The Seven Deadly Sins of System Selection

Having decided that a new ERP or CRM system is the right move for your organisation, the next step is to select a system. Despite the consolidation in the enterprise software market over the past fifteen years, there is still a wide variety of choice. Identifying the system and implementation partner that best suits your business and budget is a critical step towards a successful implementation. This requires a structured selection process carefully managed according to agreed principles. Avoiding failure in this process means steering clear of the “Seven Deadly Sins of System Selection”.     

1. Inadequate specification of requirements

Failure to spend time defining and documenting your requirements may mean that you select a system that works perfectly well in certain industries but lacks functionality that is a differentiator in your industry or sector. 

2. Biased specification of requirements

Very often organisations leave the selection of the system to the Finance and/or I.T. departments. This can result in biased requirements and the selection of a system with strong accounting functionality but critical functionality gaps elsewhere. 

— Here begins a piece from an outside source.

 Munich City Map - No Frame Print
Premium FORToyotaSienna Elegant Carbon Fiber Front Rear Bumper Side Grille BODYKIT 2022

3. Ignoring the detailed requirements

Having defined your requirements, ensure that your selection process is structured to test the vendor against these requirements. This means getting the vendor to respond to the detailed requirements as well as performing a scripted demonstration against key requirements. Accepting the vendor's word that the system meets the requirements can lead to nasty surprises during implementation.

4. Focusing too much on cost

Focusing too much on getting a good deal financially often means cutting corners and can result in serious problems during the implementation. Areas that frequently suffer in these scenarios are reporting and support. Implementing a system that captures data but does not allow you to report on that data will quickly erode satisfaction with the system and reduce the value that you can derive from the system. 

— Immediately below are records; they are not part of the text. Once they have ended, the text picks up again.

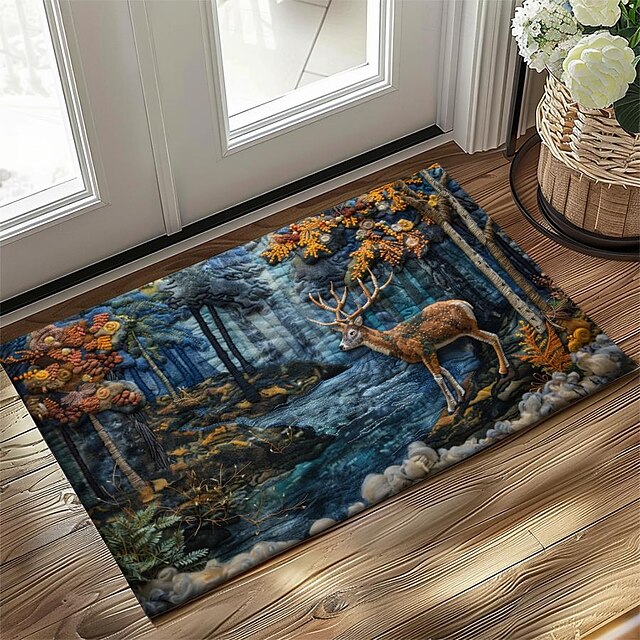 Autumn Quilt Forest Deer Doormat Kitchen Mat Floor Mat Non-Slip Area Rug Oil Proof Rug Indoor Outdoor Mat Bedroom Decor Bathroom Mat Entrance Rug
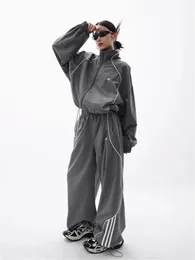 Y2K Gorpcore Pant Set Women Streetwear Vintage 90s Two Piece Set Overdimensionerad träningsdräkt Wide Leg Track Pants Hip Hop Jacket 231229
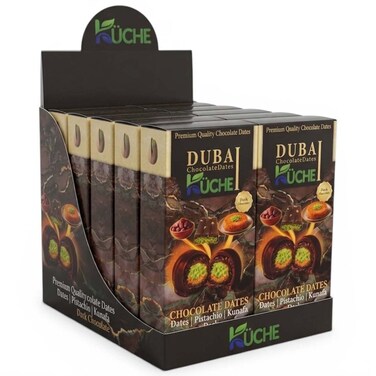 كوتشي دبي تشوكلات تمر مغطى بشوكولاته داكنة و محشو بالفستق و الكنافة ، 80 جرام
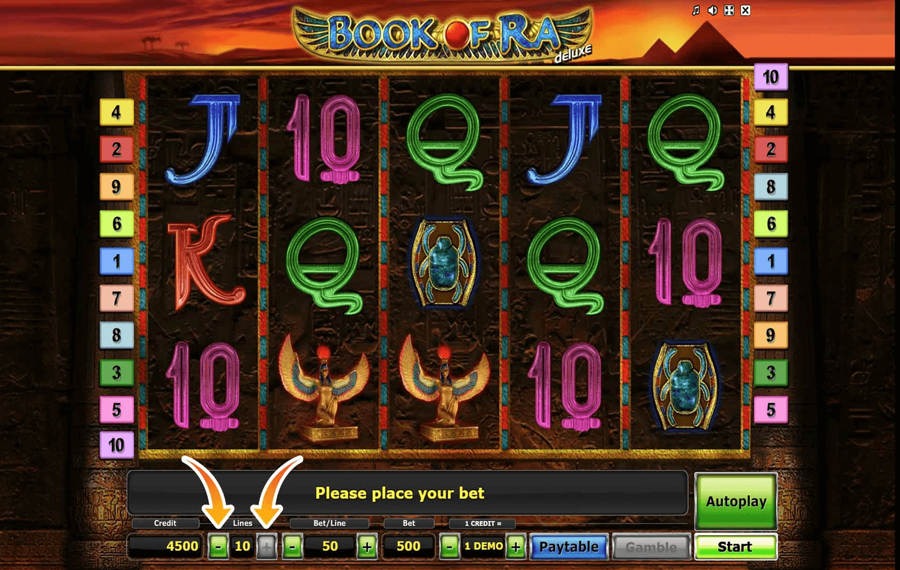 Book of Ra Deluxe Choisissez les lignes de paiement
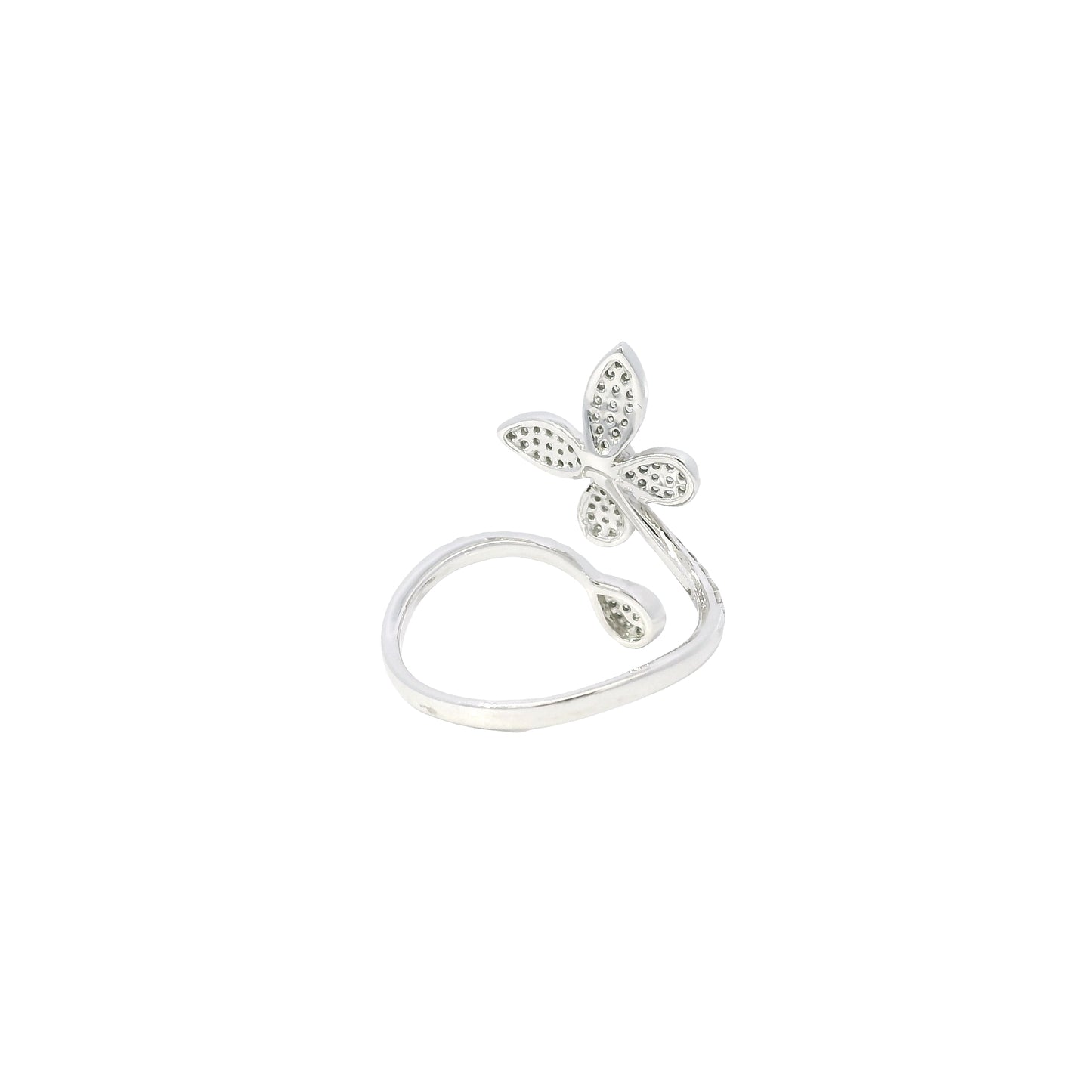 14k White Gold 0.33ctw Round Brilliant Diamonds in a Butterfly Ring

5. Failure to take account of the underlying technology

It is important to carefully consider the underlying technology behind the system. Failure to do so could mean that you have purchased an obsolete technology and may be forced to undergo expensive upgrades sooner than you would expect. It can also be expensive to resource support for niche technologies within your own I.T. department. 

6. Failure to properly survey the market

Most people will have heard of the bigger ERP and CRM players. There are a plethora of other systems out there though – some of them with very strong footprints in specific industry sectors. In many cases better value and a better functional fit can be found by engaging with the correct vendors – not all of them household names (Read the Lumenia Report 'ERP Market Review 2014'). 

7. Using the vendor’s sales demo to evaluate the system

Without following a structured approach to demos it is easy for your evaluation team to be swayed by a sophisticated sales presentation. Allowing this to happen is likely to mean that you don’t address key requirements which may not be supported.